= Assignment =
Return only the lines of the data below from the line with "Room 4 of 35" up to and including the line with "Modelo brasileira Halima", exactly as written, with the pictures omitted.

= Information shown =
=======

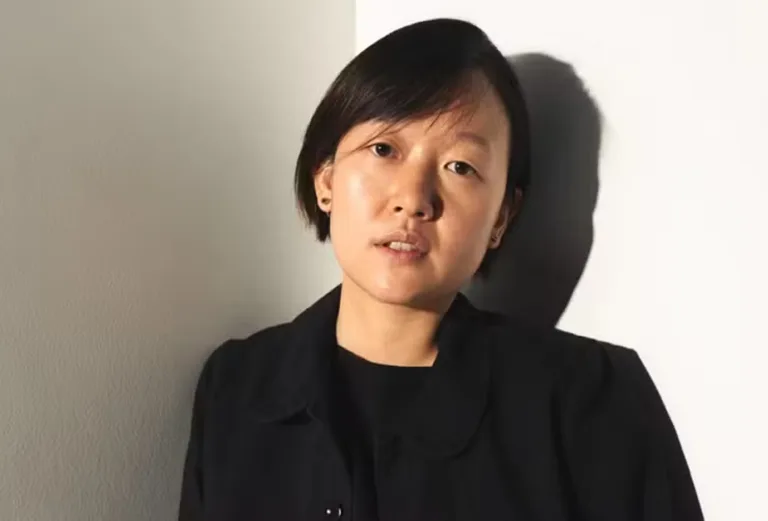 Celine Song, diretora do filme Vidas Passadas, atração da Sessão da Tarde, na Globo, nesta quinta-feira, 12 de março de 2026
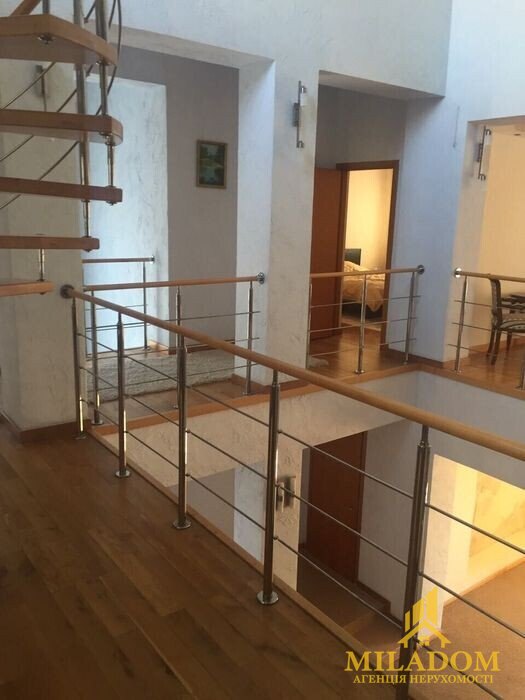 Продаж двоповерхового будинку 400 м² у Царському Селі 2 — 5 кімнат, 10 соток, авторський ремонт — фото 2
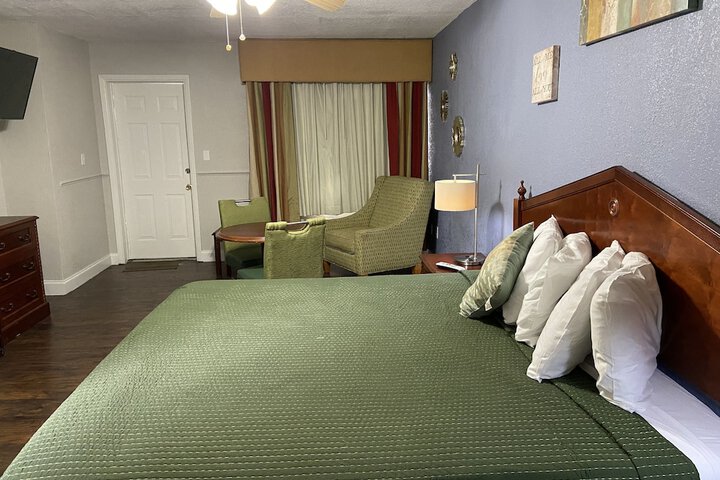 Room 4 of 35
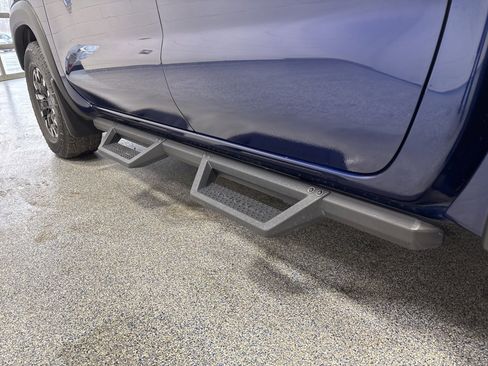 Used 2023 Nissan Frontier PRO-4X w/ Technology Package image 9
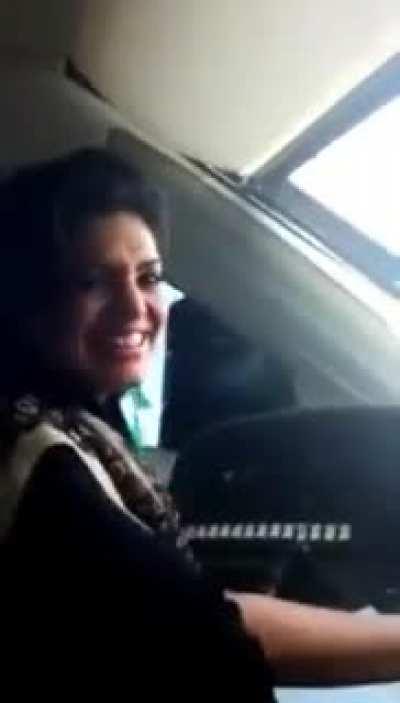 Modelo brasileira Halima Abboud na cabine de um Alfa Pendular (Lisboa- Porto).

=======

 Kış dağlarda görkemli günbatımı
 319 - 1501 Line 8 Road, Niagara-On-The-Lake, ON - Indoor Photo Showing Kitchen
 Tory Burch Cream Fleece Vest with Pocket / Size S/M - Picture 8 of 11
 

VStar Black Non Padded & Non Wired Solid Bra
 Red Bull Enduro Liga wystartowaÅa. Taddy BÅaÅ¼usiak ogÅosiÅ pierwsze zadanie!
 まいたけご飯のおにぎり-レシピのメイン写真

=======

= Answer to this problem =
 Room 4 of 35
 Used 2023 Nissan Frontier PRO-4X w/ Technology Package image 9
 Modelo brasileira Halima Abboud na cabine de um Alfa Pendular (Lisboa- Porto).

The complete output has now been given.